Les autres, plus de 100,000, qui subissaient l’occupation sans l’avoir choisie – uniquement parce que leurs domiciles se trouvaient là – sont restés à Alep. Ils ont beaucoup souffert mais sont soulagés après 4 ans d’occupation terroriste et 3 mois de siège de leurs quartiers par l’armée syrienne. Pour les 1.5 millions d’habitants des quartiers Ouest, qui étaient sous contrôle gouvernemental, La libération a fourni un sentiment de sécurité qu’ils avaient perdu depuis plus de 4 ans : la sécurité de ne plus recevoir des obus de mortiers, de bonbonnes de gaz utilisées comme bombes et des tirs de snipers. Mais, Optimisme prudent : Des bombes continuent à tomber occasionnellement sur les quartiers périphériques de l ’Ouest d’Alep lancées par les rebelles toujours installés à quelques kilomètres dans la banlieue Ouest.
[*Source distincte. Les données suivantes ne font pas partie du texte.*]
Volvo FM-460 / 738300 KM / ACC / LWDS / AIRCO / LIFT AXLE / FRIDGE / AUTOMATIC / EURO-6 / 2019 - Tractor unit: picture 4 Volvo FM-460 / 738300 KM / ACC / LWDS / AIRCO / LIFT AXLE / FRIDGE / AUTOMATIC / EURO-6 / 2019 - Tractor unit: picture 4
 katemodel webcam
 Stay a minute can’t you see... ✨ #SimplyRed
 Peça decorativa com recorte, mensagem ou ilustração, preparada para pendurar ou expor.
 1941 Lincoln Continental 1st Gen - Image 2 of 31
Comme tous les Alépins, nous sommes allés visiter les ex- lignes de front, le quartier historique de Jdeidé, la vieille ville autour de la citadelle et les quartiers Est et Sud. L’ampleur des destructions dépasse ce que nous avions imaginé. A Midane, quartier arménien, à Jdeidé, quartier historique des chrétiens, à Hanano, à Sukari etc., la réalité dépasse souvent la fiction.

Avec la libération, la ville reprend un aspect plus normal, plus civilisé. Toutes les rues – la plupart avaient été bloquées par des barricades ou des murs de rochers pendant les 4 années de guerre – ont été ouvertes à la circulation. Il y’a énormément de piétons dans les rues. Les gens marchent sereinement sans craindre la mort qui les guettait avant la libération. Le trafic automobile est très dense. Les feux de signalisation et l’illumination des rond-point, alimentés par des panneaux solaires plantées à chaque carrefour, fonctionnent de nouveau. Le ramassage des ordures a repris ; les jardiniers de la municipalité sont de nouveau au travail dans les jardins publics et dans les terre-pleins centraux. Toutes les écoles et l’université fonctionnent normalement.

Mais Optimisme prudent : Les conditions de la vie quotidienne restent, toutefois, très difficiles.

Cet hiver, nous avons eu très froid. Il y avait une pénurie de fioul. Avec l’absence d’électricité, il n’y avait aucun moyen de se chauffer alors que les températures en décembre, janvier et février étaient très basses.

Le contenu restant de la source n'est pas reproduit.